By definition we have $$p(1,2,3,4,5,6,7)=\frac1Z\phi(1,2,3)\phi(2,3,4)\phi(4,5,6)\phi(5,6,7)$$since $(1,2,3)$, etc. are the maximal cliques ($Z$ is a normalization term).

Then the book says that

\begin{align} p(1,7\mid 4)&\propto \sum_{2,3,5,6}p(1,2,3,4,5,6,7)\\ &=\sum_{2,3,5,6}\phi(1,2,3)\phi(2,3,4)\phi(4,5,6)\phi(5,6,7)\\ &= \left(\sum_{2,3}\phi(1,2,3)\phi(2,3,4)\right)\left(\sum_{5,6}\phi(4,5,6)\phi(5,6,7)\right).\end{align}

All this is clear by marginalization, definition of Markov network and writing of a sum of products as product of sums.

What is not clear to me, and this is my question, is that the book then says that this implies that $p(1,7\mid 4)=p(1\mid 4)p(7\mid 4)$.

I can see that $p(1,7\mid 4)$ is a product of a function of 1, 4 and a function of 7, 4 but why exactly $p(1\mid 4)p(7\mid 4)$?

In particular, if $p(X_1,X_2\mid X_3)=f(X_1,X_3)g(X_2,X_3)$ for some functions $f$ and $g$, does this imply that $X_1$ and $X_2$ are independent conditionally to $X_3$? (This is true in the unconditional case.)

2

There are 2 best solutions below

0
On

Yes, this is generally true.

If we assume $$p(X_1,X_2∣X_3)=k f(X_1,X_3)g(X_2,X_3)$$ for some constant k and positive functions f and g, then the normalisation constraint requires that (for discrete variables)

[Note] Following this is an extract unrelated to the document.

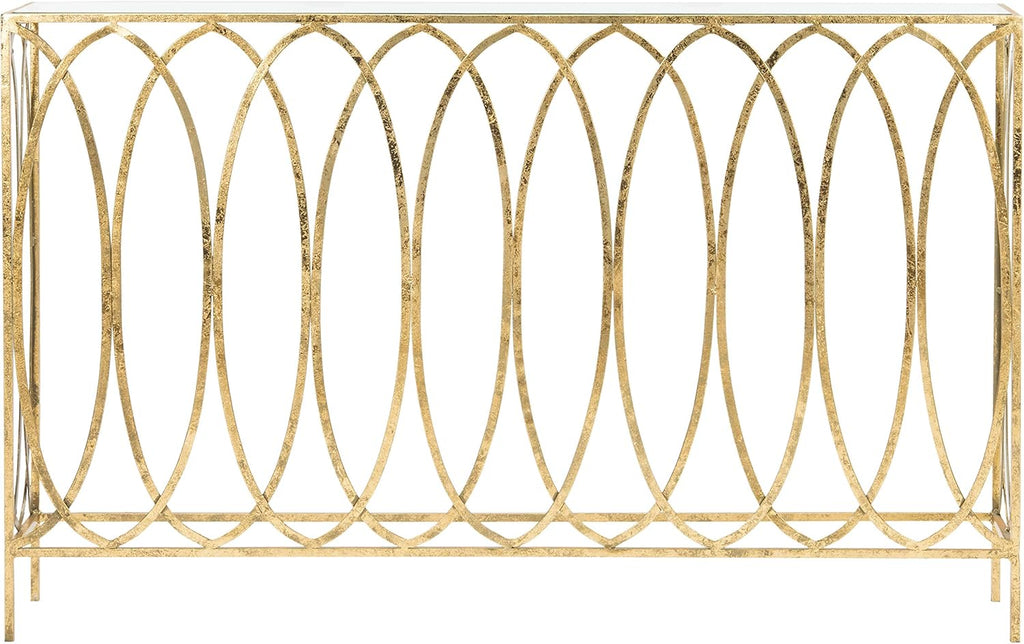 Gold Foil and Glass Console Table H788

$$k= \frac{1}{\sum_{X_1,X_2} f(X_1,X_3)g(X_2,X_3)}$$ Hence

$$p(X_1,X_2∣X_3)= \frac{f(X_1,X_3)g(X_2,X_3)}{\sum_{X_1,X_2} f(X_1,X_3)g(X_2,X_3)}$$ and

$$p(X_1,X_2∣X_3)= \frac{f(X_1,X_3)g(X_2,X_3)}{(\sum_{X_1} f(X_1,X_3))(\sum_{X_2} g(X_2,X_3))}$$ This can be written

$$p(X_1,X_2∣X_3)= \frac{f(X_1,X_3)}{\sum_{X_1} f(X_1,X_3)}\frac{g(X_2,X_3)}{\sum_{X_2} g(X_2,X_3)}=p(X_1|X_3)p(X_2|X_3)$$

0
On

You mentioned that this is true in the unconditional case.

I just want to mention how the conditional case easily follows from the unconditional case.

If we condition to the event $X_3 = x_3$ (where $x_3$ is one of the values that $X_3$ can take), we obtain $$p(X_1, X_2 | X_3 = x_3) = f(X_1, x_3) g(X_2, x_3)$$ In words, the conditional probabilities of $(X_1, X_2)$ given the event $X_3 = x_3$ is a product of a function of $X_1$ and a function of $X_2$ (of course, these functions themselves depend on $x_3$.). Therefore $X_1, X_2$ are independent when conditioned to the event $X_3 = x_3$. Since $x_3$ was arbitrary, the claim follows.